Inattendu, le duo Lapière-Gillon ne déçoit pas. Le découpage très particulier du diptyque ne fait pas honte au thème principal du scénario : le cinéma. Les vignettes sont de très grandes tailles, elles se placent souvent sur seulement deux lignes alors que l'album est au grand format. L'histoire ne s'articule pas de façon précipitée, les plans silencieux et descriptifs sont nombreux et contribuent à poser l'histoire, à ne pas perdre le lecteur dans un récit qui couvre tout de même un siècle d'événements. La dernière des salles obscures fait partie de ces rares récits à construire son histoire de manière non chronologique sans sembler confus. « J'ai volontairement opté pour un mode de narration particulier, qui privilégie les moments forts de l'histoire par rapport à la stricte chronologie des événements » rapporte Lapière en préface. La dernière des salles obscures nous présente deux héros : celui du passé et celui du présent.
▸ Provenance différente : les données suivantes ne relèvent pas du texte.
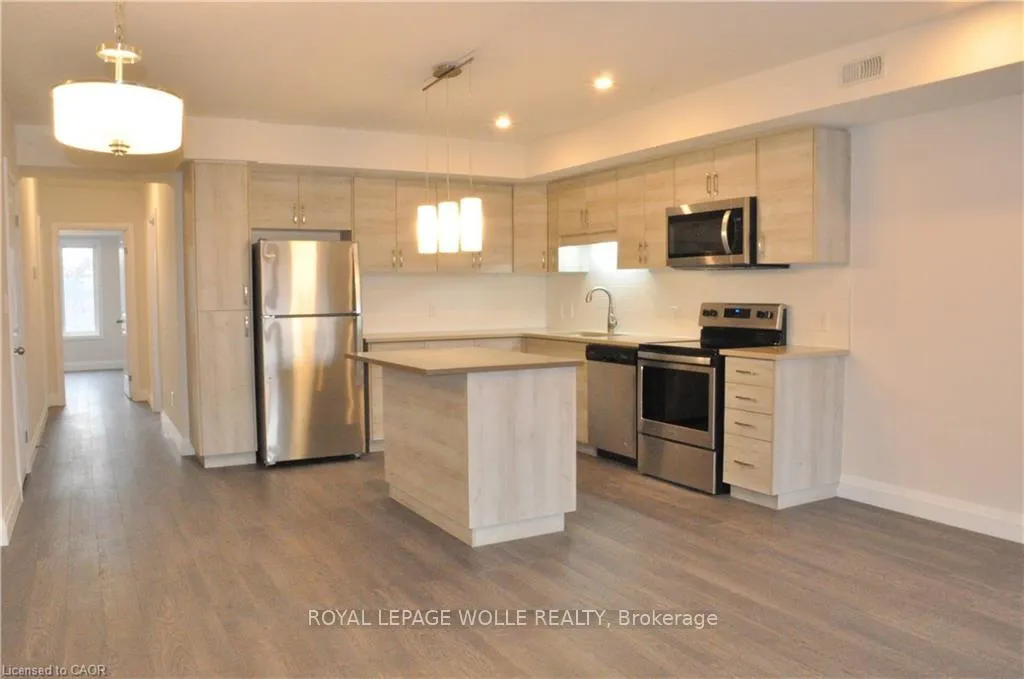 Photo 2 of Unit D3, 160 Rochefort Street, Kitchener — HOMEH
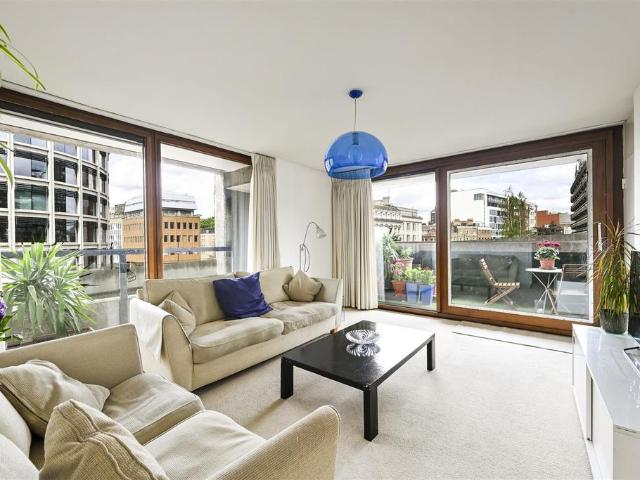 Flat for sale in Lyons, Isle Of Man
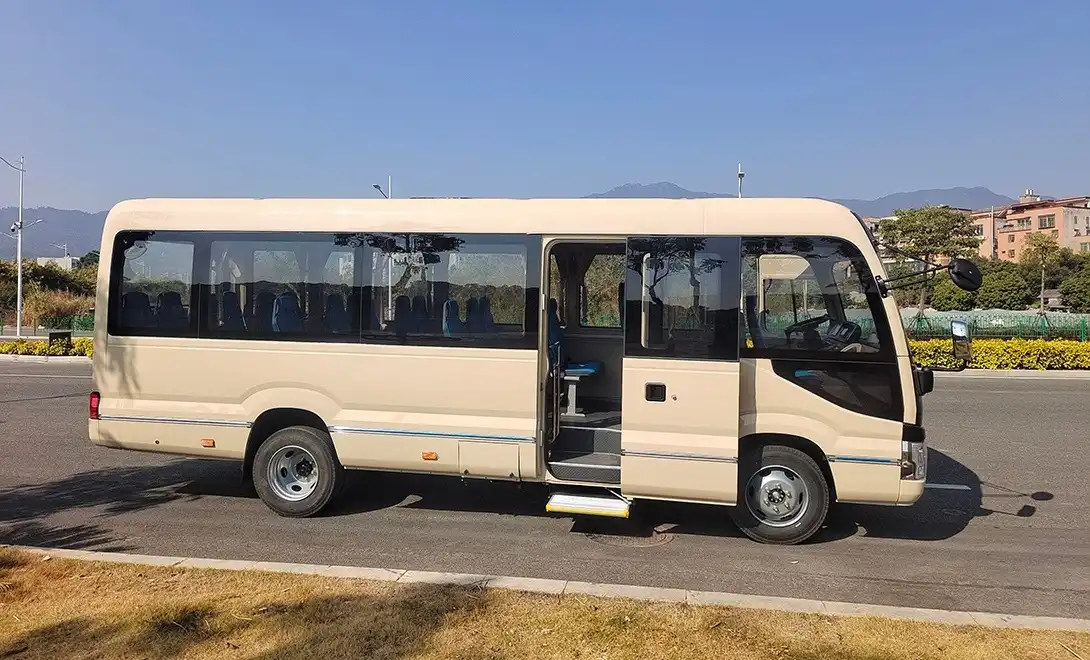 Coaster vs Large Bus for Tourist Transport: Which Is Better?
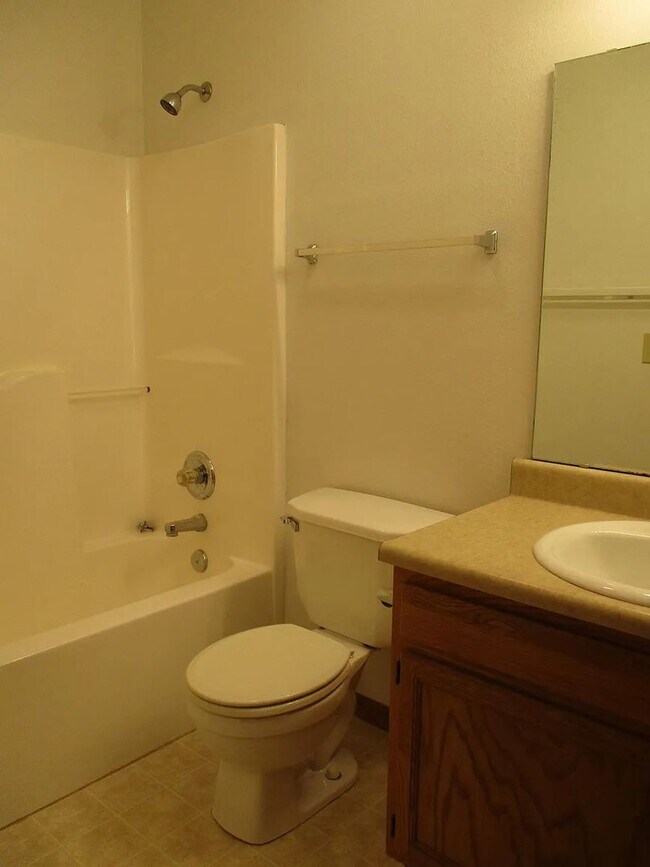 Building Photo - 4022 Homerton St
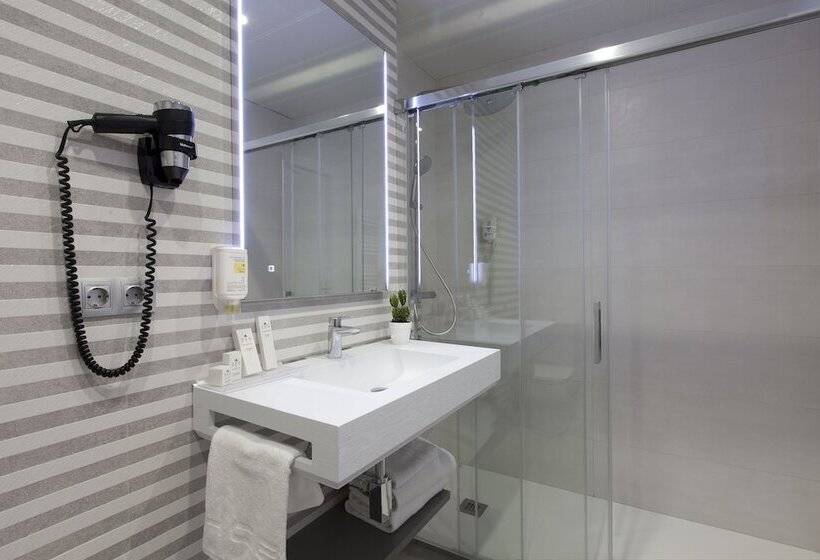 هتل Ciudad De Burgos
Thomas est celui qui fait revivre Raoul par la lecture de son autobiographie. Il part à la découverte de la vie passée d'un vieil homme presque centenaire qui, sans avoir écrit son autobiographie, ne lui aurait laissé aucun autre souvenir que celui d'un vieux grincheux infirme. Le lecteur se rend compte, avec le personnage contemporain Thomas, que le vieil homme a eu une vie et une jeunesse. Un peu comme le Vague à l'âme de Mardon, La dernière des salles obscures nous fait prendre conscience du « patrimoine humain » que représentent les personnes âgées.

Lapière et Gillon forment ici un duo très efficace, en phase. L'histoire de La dernière des salles obscures est une histoire d'humanité, de patrimoine, de cinéma et d'amour. Des thèmes brassés au travers des souvenirs fantasmatiques d'un seul homme.